EXERCISE DESCRIPTION :: Would you transcribe the entries below, beginning at the line with "Teddy Bear 18cm" and ending after the line with "67410 Black Bear", exactly, with no picture and nothing more?

DATASET EXCERPTS ::
- Opening Delimiter -
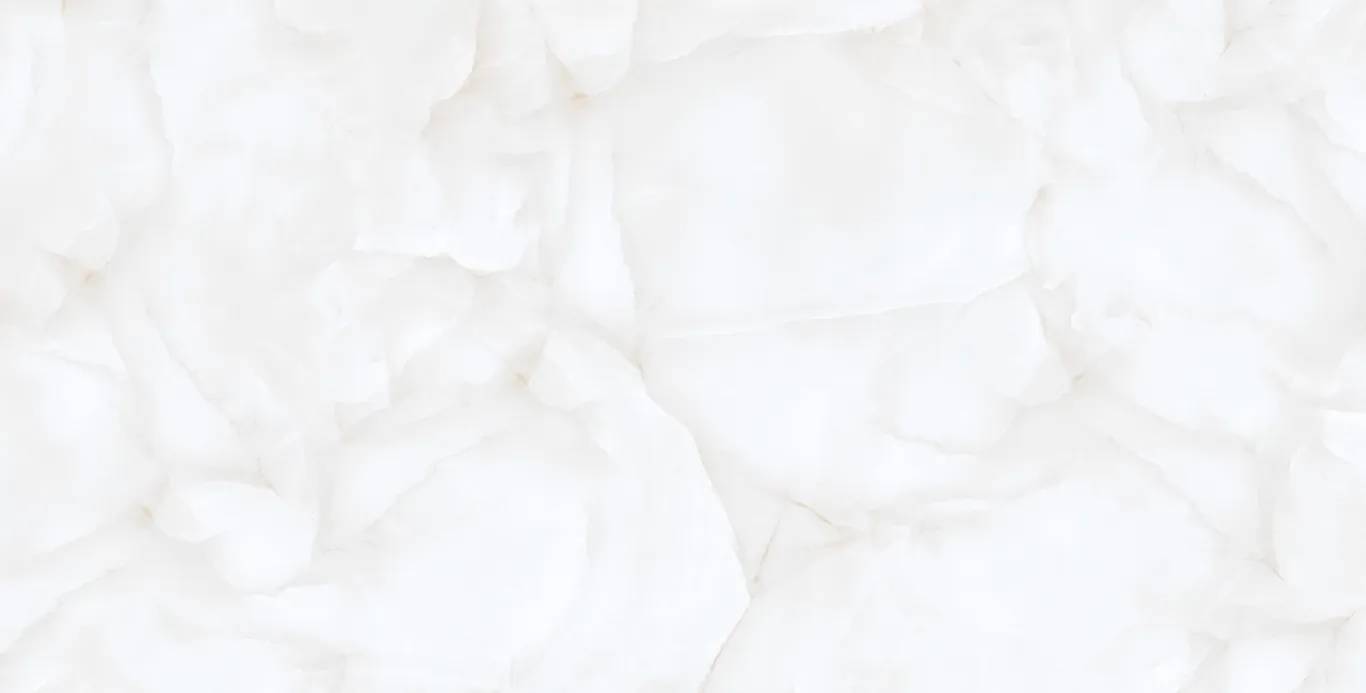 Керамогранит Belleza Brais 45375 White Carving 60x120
- Closing Delimiter -
- Opening Delimiter -
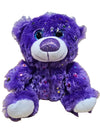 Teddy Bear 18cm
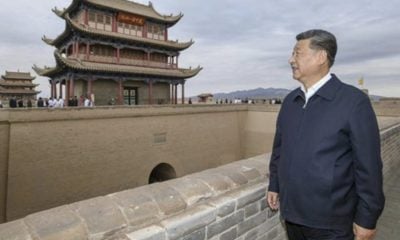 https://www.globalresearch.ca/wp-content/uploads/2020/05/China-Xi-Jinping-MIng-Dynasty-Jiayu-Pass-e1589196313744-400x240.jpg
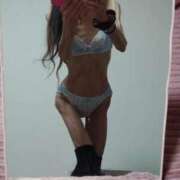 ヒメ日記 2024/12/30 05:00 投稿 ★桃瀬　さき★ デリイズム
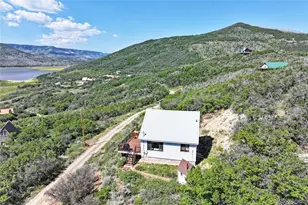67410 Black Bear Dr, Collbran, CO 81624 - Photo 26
- Closing Delimiter -
- Opening Delimiter -
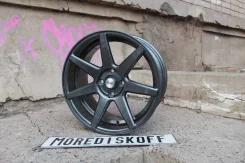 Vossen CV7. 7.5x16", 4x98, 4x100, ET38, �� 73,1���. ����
- Closing Delimiter -
RESPONSE ::
 Teddy Bear 18cm
 https://www.globalresearch.ca/wp-content/uploads/2020/05/China-Xi-Jinping-MIng-Dynasty-Jiayu-Pass-e1589196313744-400x240.jpg
 ヒメ日記 2024/12/30 05:00 投稿 ★桃瀬　さき★ デリイズム
67410 Black Bear Dr, Collbran, CO 81624 - Photo 26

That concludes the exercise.